Besides, contrary to those who wish to believe that female orgasm must have promoted "reproductive success," not only is there "little or no good evidence that differences in orgasm rate have any reproductive consequences at all" (Lloyd, p. 36); where there is evidence that points to reproductive consequences, all indications are that the less ability women had to control their own sexuality, let alone to insist upon enjoyment of female orgasm, the larger number of children they bore. Consider female genital cutting, which either diminishes or eliminates the capacity for female orgasm depending on types of cutting. You would expect that cut women have fewer children than uncut women, if female orgasm in any way led to "reproductive success," but such is not the case:
To date, no study has found an association between reproductive capability and FGC. While the Jones et al. study in Burkina Faso found that women who have been cut are more likely to experience obstetric complications, a 1998-1999 NHRC study found that women who were circumcised married earlier than uncircumcised women, and that circumcised women had greater total fertility than uncircumcised women (Reason 2004).
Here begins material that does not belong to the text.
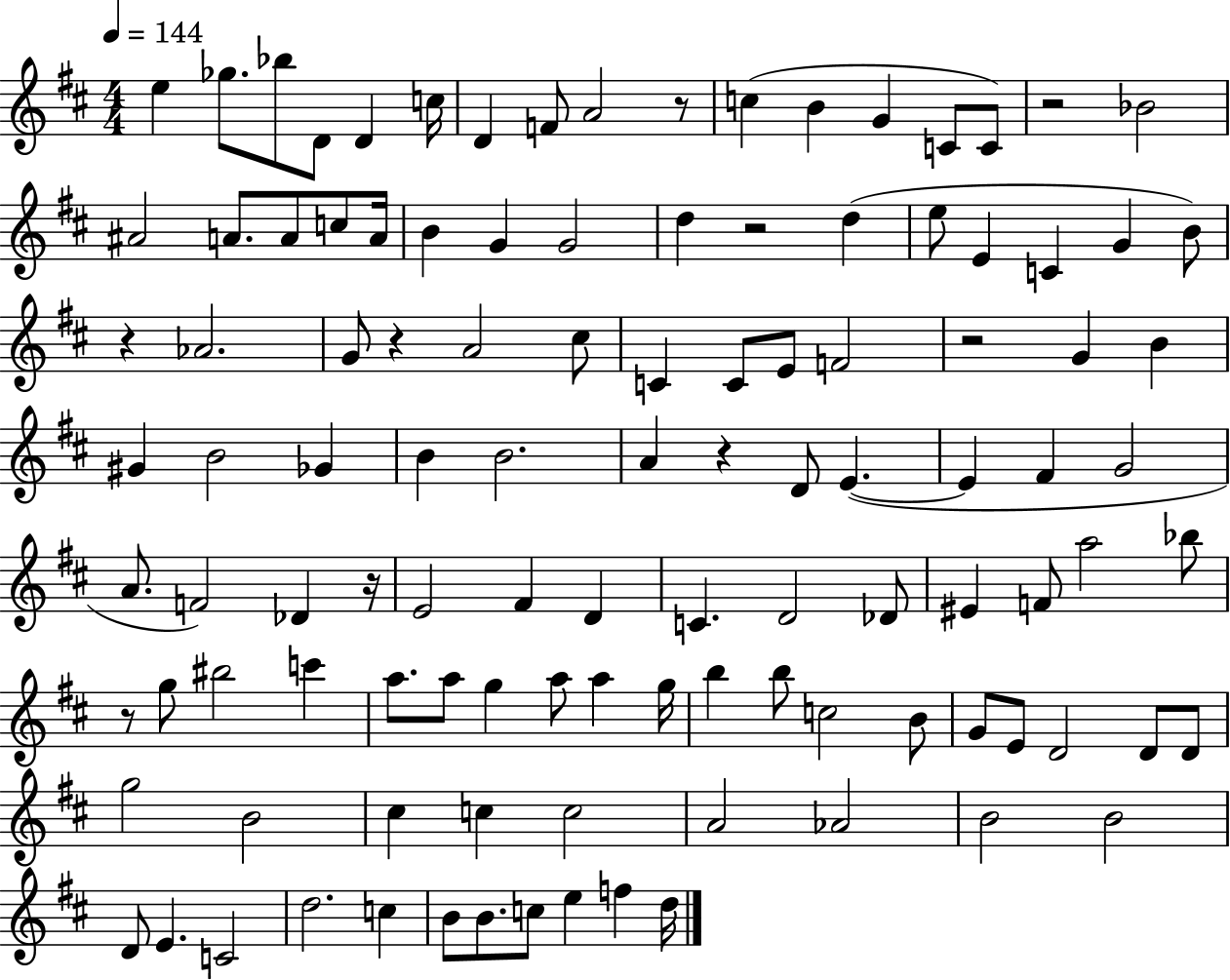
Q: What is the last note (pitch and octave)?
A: D5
Another study based on DHS surveys in the Central African Republic, Côte d’Ivoire, and Tanzania found that, when controlling for confounding socioeconomic, demographic and cultural variables, circumcised women, grouped by age at circumcision, did not have significantly different odds of infertility nor of childbearing than uncut women (emphasis added, Larsen and Yan, 2000). (Elizabeth F. Jackson, Philip B. Adongo, Ayaga A. Bawah, Ellie Feinglass, and James F. Phillips, "The Relationship between Female Genital Cutting and Fertility in Kassena-Nankana District of Northern Ghana," Paper presented at the Annual Meeting of the Population Association of America, Philadelphia, Pennsylvania, March 31-April 2, 2005, p. 4)If anything, patriarchal societies that diminish or eliminate women's capacity for orgasm, by genital cutting or any other means, appear to make women bear more children -- more "reproductively successful" -- than those that leave it intact.
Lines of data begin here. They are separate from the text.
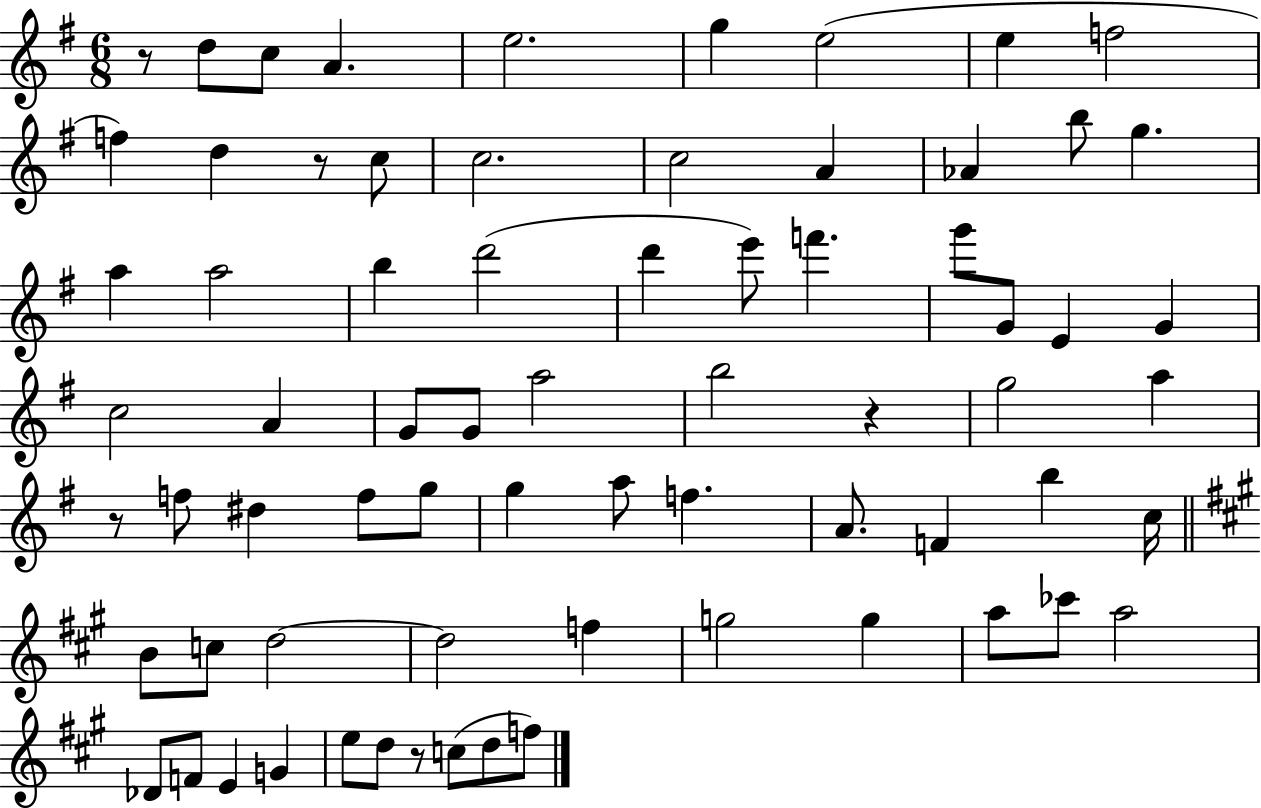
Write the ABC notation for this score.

X:1
T:Untitled
M:6/8
L:1/4
K:G
z/2 d/2 c/2 A e2 g e2 e f2 f d z/2 c/2 c2 c2 A _A b/2 g a a2 b d'2 d' e'/2 f' g'/2 G/2 E G c2 A G/2 G/2 a2 b2 z g2 a z/2 f/2 ^d f/2 g/2 g a/2 f A/2 F b c/4 B/2 c/2 d2 d2 f g2 g a/2 _c'/2 a2 _D/2 F/2 E G e/2 d/2 z/2 c/2 d/2 f/2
In short, women discovered and have developed their capacity for orgasm on their own, for their own pleasure rather than reproduction, in spite of men who either have neglected it or sought to curtail or destroy it.
1 comment:
For people interested in this topic, I strongly recommend _The Technology of Orgasm: "hysteria," the vibrator, and women's sexual satisfaction_ by Rachel P. Maines.
It's basically a social history of the vibrator.